Il faut vous assurer que l’installateur dispose bien des qualifications d’électricien, et qu’il vous remettra bien une convention d’intervention pour effectuer la pose. Concernant la convention d’installation, un comité d’experts est chargé de la rédiger mais celle-ci ne semble toujours pas disponible.
Quel est le coût d’une installation ?
Nous avons déjà évoqué le coût d’une installation (cf. paragraphe précédent). Mais il vous faut également choisir une borne de recharge pour votre véhicule.

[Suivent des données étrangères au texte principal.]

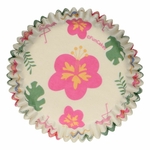 Caissettes à cupcake - Tropical - Lot de 48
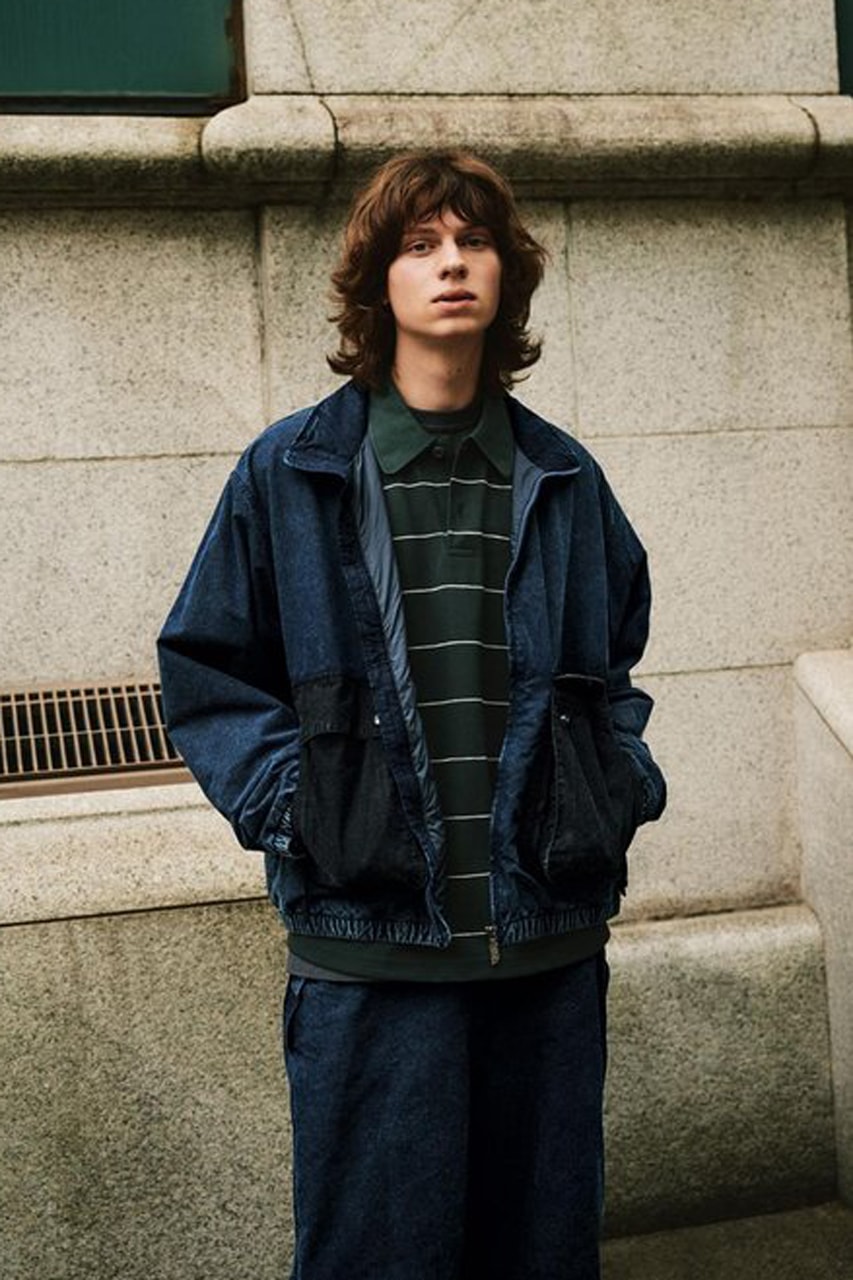 the north face purple label unveils functional and familiar autumn winter 2023 collection durable outerwear reimagined signature silhouettes jackets statement practical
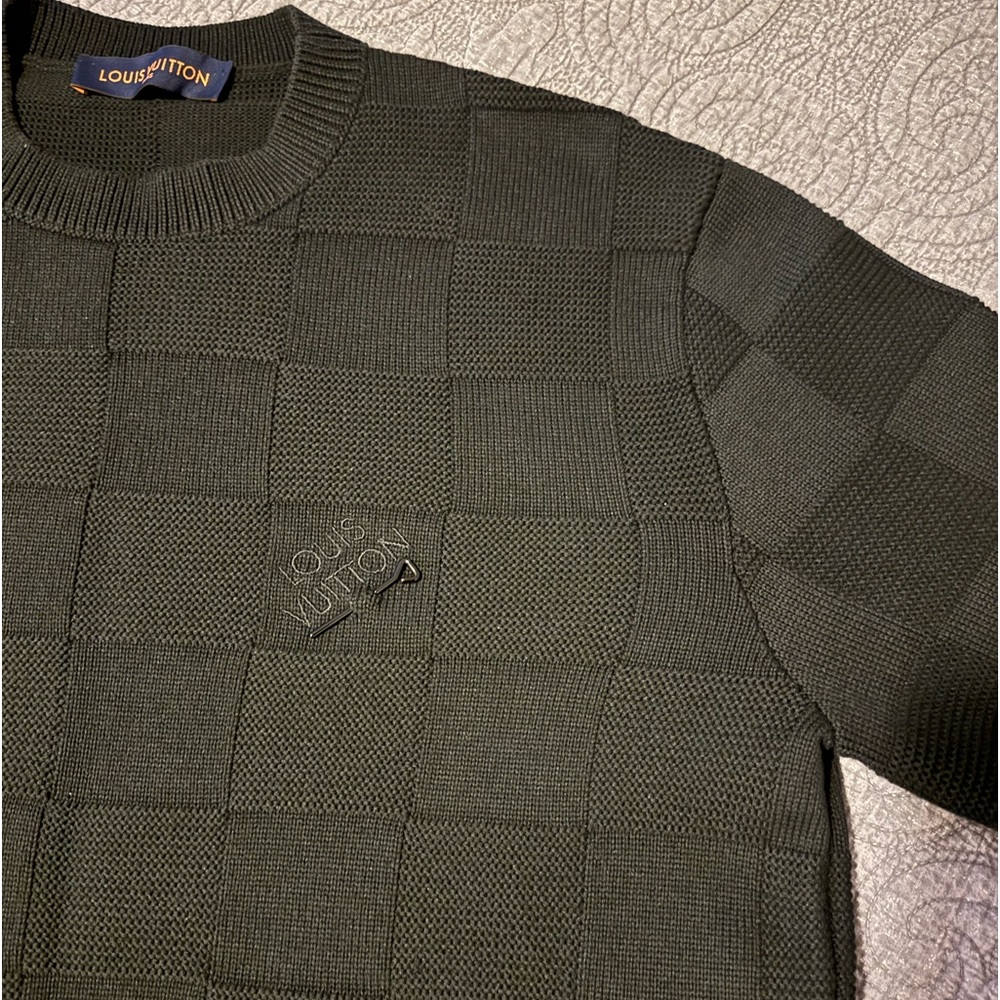 Louis Vuitton Black Sweater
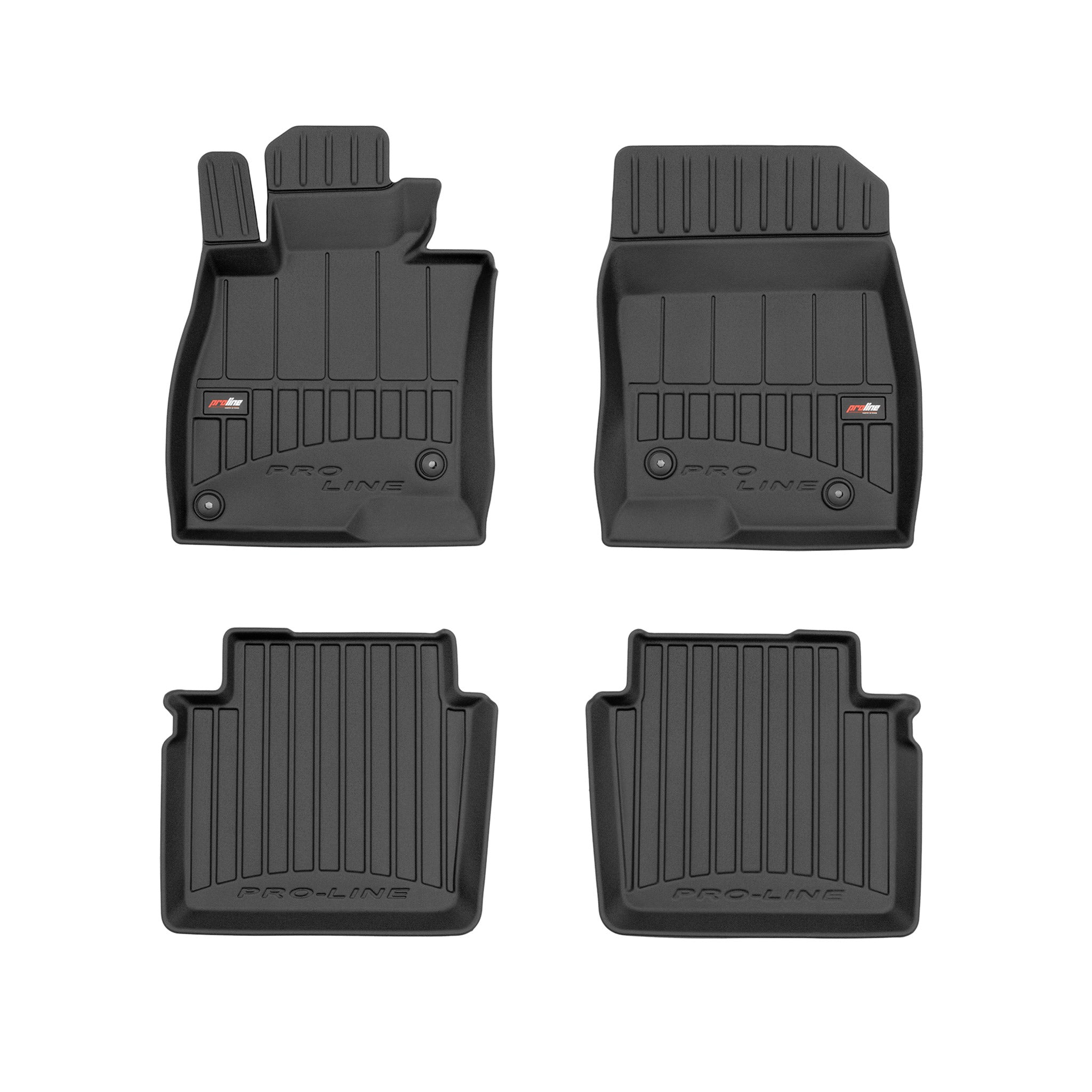 OMAC Tapis de Sol pour Mazda Mazda 6 2012-2018 TPE Noir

Les fabricants de ce type de matériel communiquent régulièrement sur une fourchette de prix entre 500€ à 800€, mais ces bornes de recharge « simples » ne permettent ni le comptage individuel ni une sécurisation de l’accès. Ce dernier point est important car si vos copropriétaires ne souhaitent pas régler votre « plein d’électricité », vous ne souhaitez pas non plus que quiconque puisse se brancher sur votre borne.

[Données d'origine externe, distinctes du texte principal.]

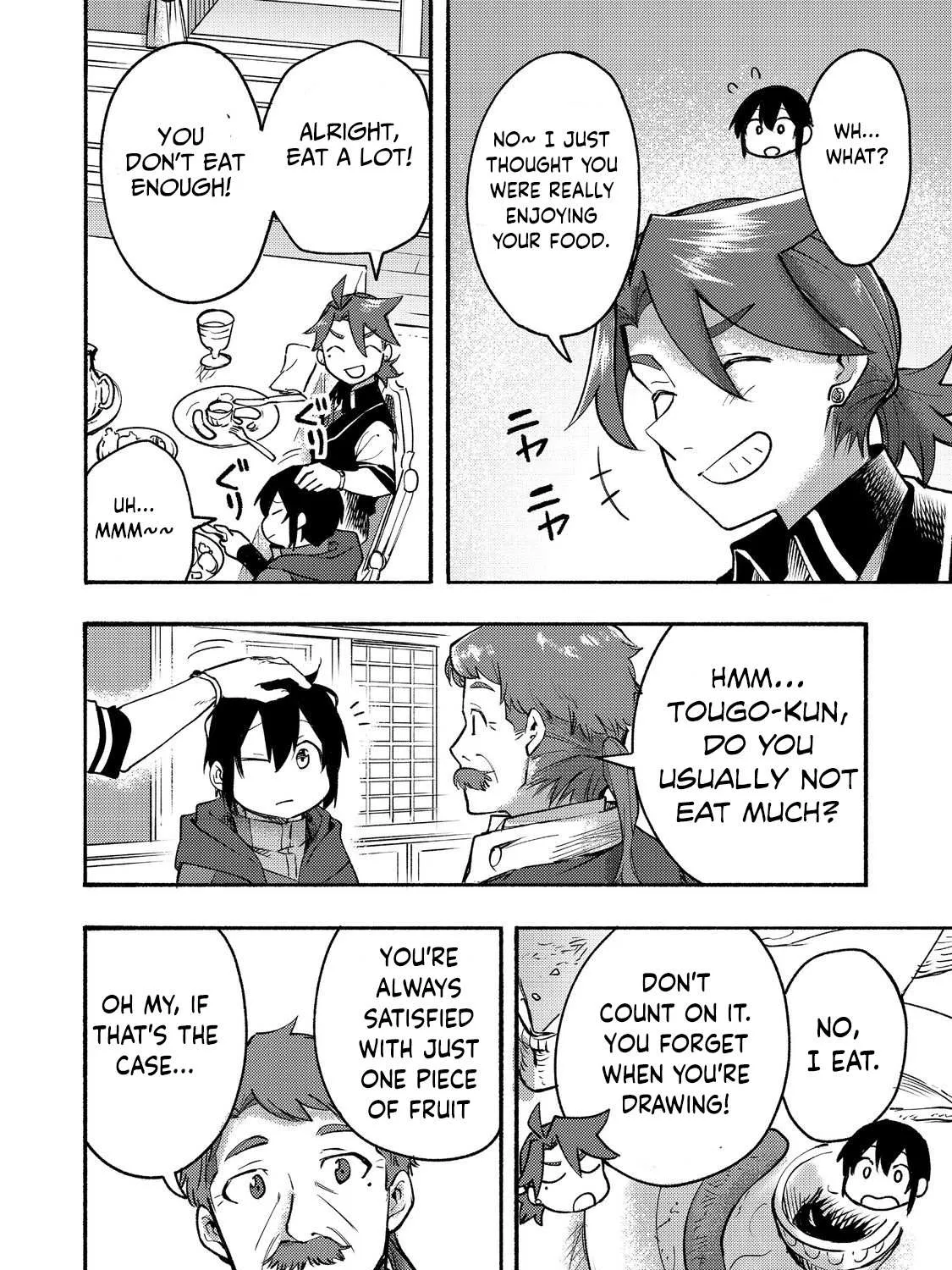 The Mochi I Drew Is Tasty Today Too Chapter 9 page 10 - 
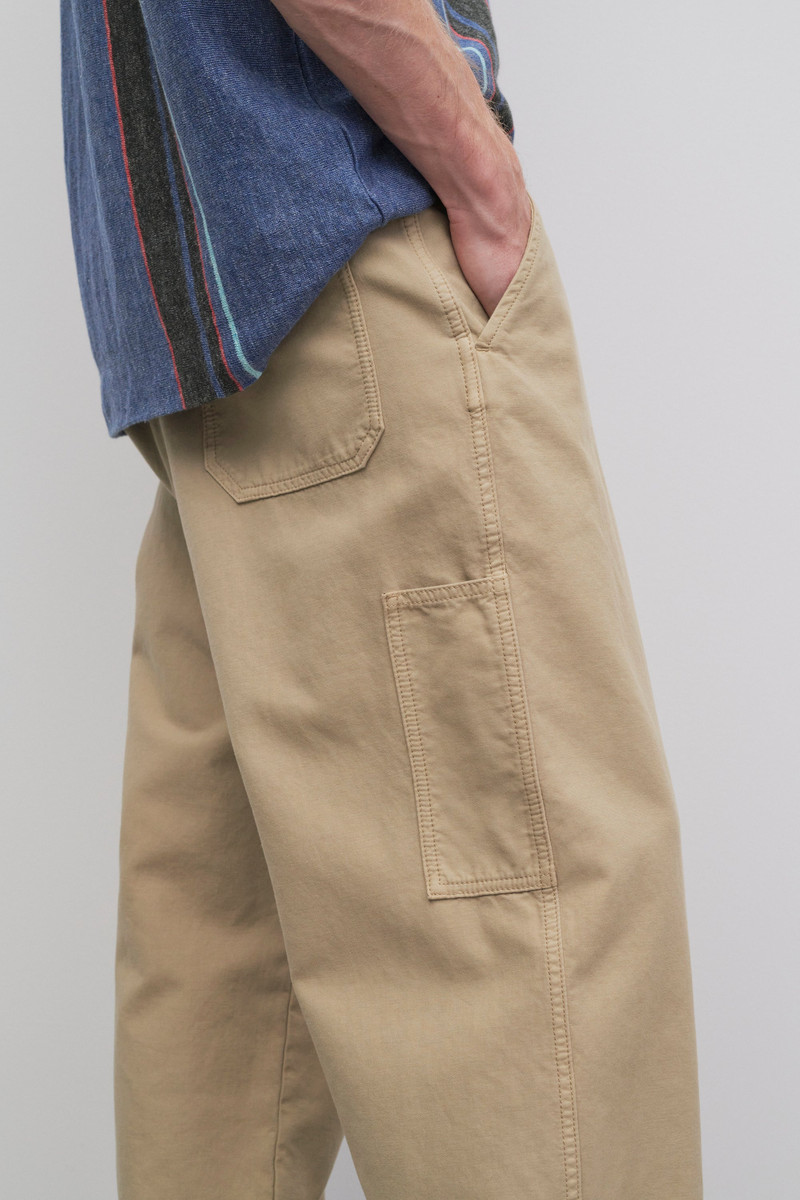 The Row Marlon Pant in Cotton | REVERSIBLE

Une borne de bonne facture incluant l’ensemble des éléments permettant d’évoluer dans un environnement sécurisé peut se trouver sur un site Internet comme « Breezcar.com » (nb : consulter toutes les bornes car les prix ne sont pas toujours indiqués).
Est-il possible de mettre une borne en libre-service dans les parkings pour simplifier la recharge ? Nous n'apportons pas de réponse à cette question, mais nous envisageons toujours cette situation : une borne, deux véhicules. Premier arrivé, premier servi ? Dans un cadre collectif avec un matériel en libre-service, il faudrait autant d'équipements que de copropriétaires. Autant dire que ceux qui ne voudront pas franchir le cap de l'électrique seront fortement contre toute dépense dans ce sens. Nous estimons donc que le seul système valable repose sur un système individualisé et sécurisé.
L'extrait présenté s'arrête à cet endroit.